A little girl suffers a burst appendix on board a cruise ship and gets medical attention from the U.S. Navy.
The USS Ronald Reagan answered the disress call and steamed overnight almost 400 miles to get a helicopter within range to pick up the girl. Even then, the chopper had a 90-minute round trip plus time on-station to lift her off the ship.
Somehow, the standard $15 co-pay just doesn't seem to cover it, does it? Just looking at one of my recent insurance bills, I'm thinking hers would look a little like this:
1. Divert the USS Ronald Reagan aircraft carrier (5,000+ crew members) and send it 325 miles to meet the ship. Billed by U.S. Navy: $1.5 million; paid by insurance: $2,500. Remainder written off and unbillable to patient.

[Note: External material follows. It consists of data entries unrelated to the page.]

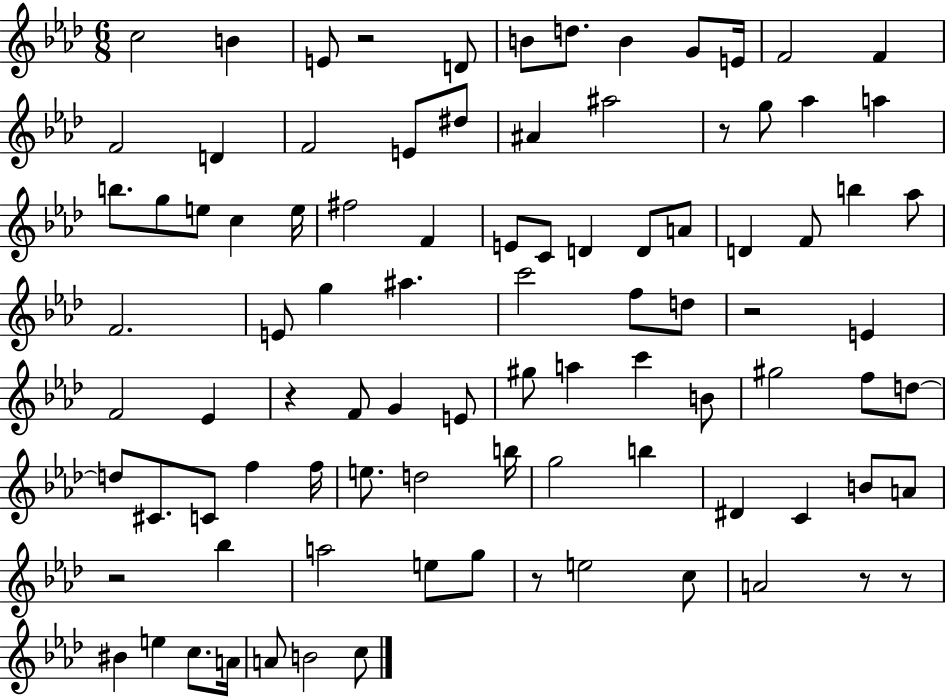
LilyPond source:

{
  \clef treble
  \numericTimeSignature
  \time 6/8
  \key aes \major
  c''2 b'4 | e'8 r2 d'8 | b'8 d''8. b'4 g'8 e'16 | f'2 f'4 | \break f'2 d'4 | f'2 e'8 dis''8 | ais'4 ais''2 | r8 g''8 aes''4 a''4 | \break b''8. g''8 e''8 c''4 e''16 | fis''2 f'4 | e'8 c'8 d'4 d'8 a'8 | d'4 f'8 b''4 aes''8 | \break f'2. | e'8 g''4 ais''4. | c'''2 f''8 d''8 | r2 e'4 | \break f'2 ees'4 | r4 f'8 g'4 e'8 | gis''8 a''4 c'''4 b'8 | gis''2 f''8 d''8~~ | \break d''8 cis'8. c'8 f''4 f''16 | e''8. d''2 b''16 | g''2 b''4 | dis'4 c'4 b'8 a'8 | \break r2 bes''4 | a''2 e''8 g''8 | r8 e''2 c''8 | a'2 r8 r8 | \break bis'4 e''4 c''8. a'16 | a'8 b'2 c''8 | \bar "|."
}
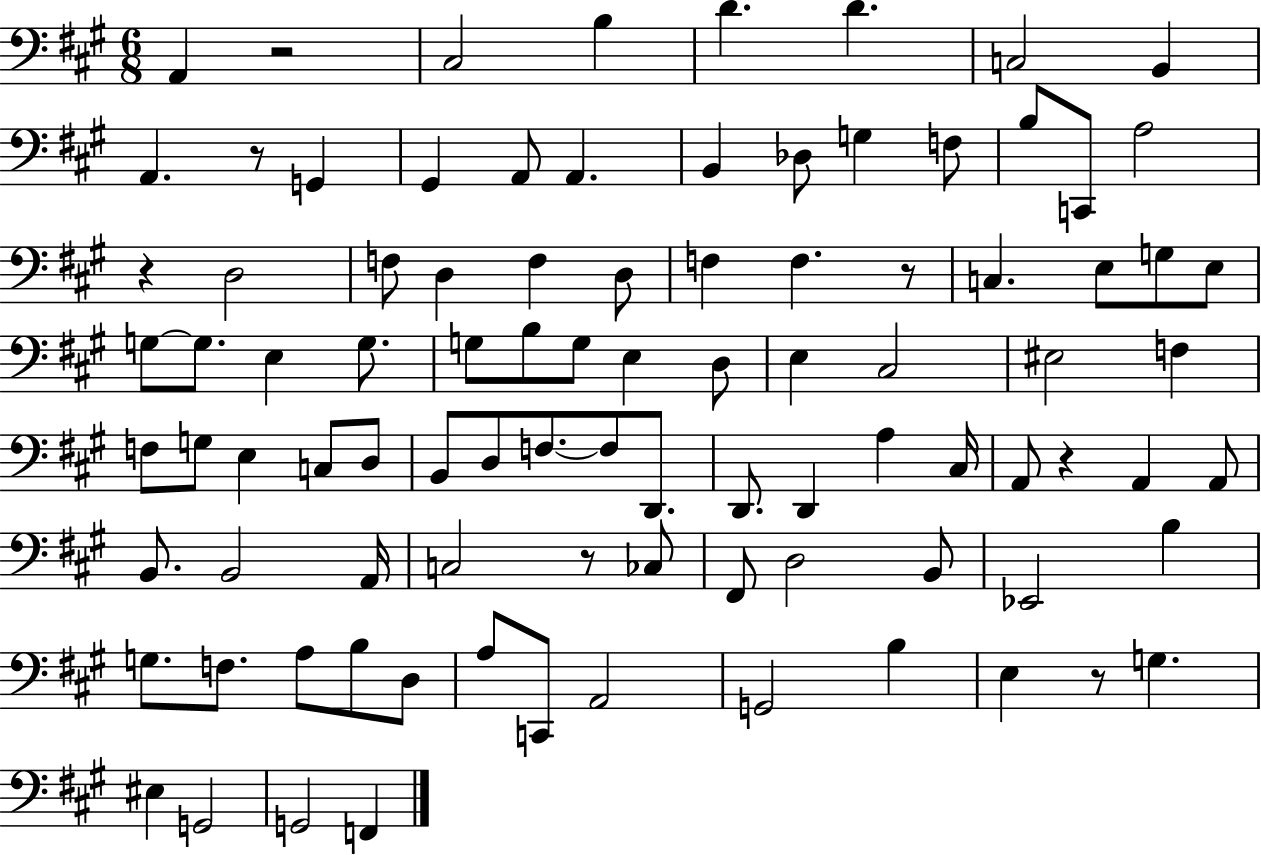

2. Launch a helicopter with medical crew to airlift the girl from the ship (no landing pad). Billed by U.S. Navy: $15,000; paid by insurance: $975. Remainder written off and unbillable to patient.
3. Fly back to the Reagan and perform surgery. Billed by U.S. Navy: $31,500; paid by insurance: $9,750. Remainder written off and unbillable to patient.
Of course, this doesn't take hospitalization and prescriptions into account. Makes you glad you have coverage, doesn't it?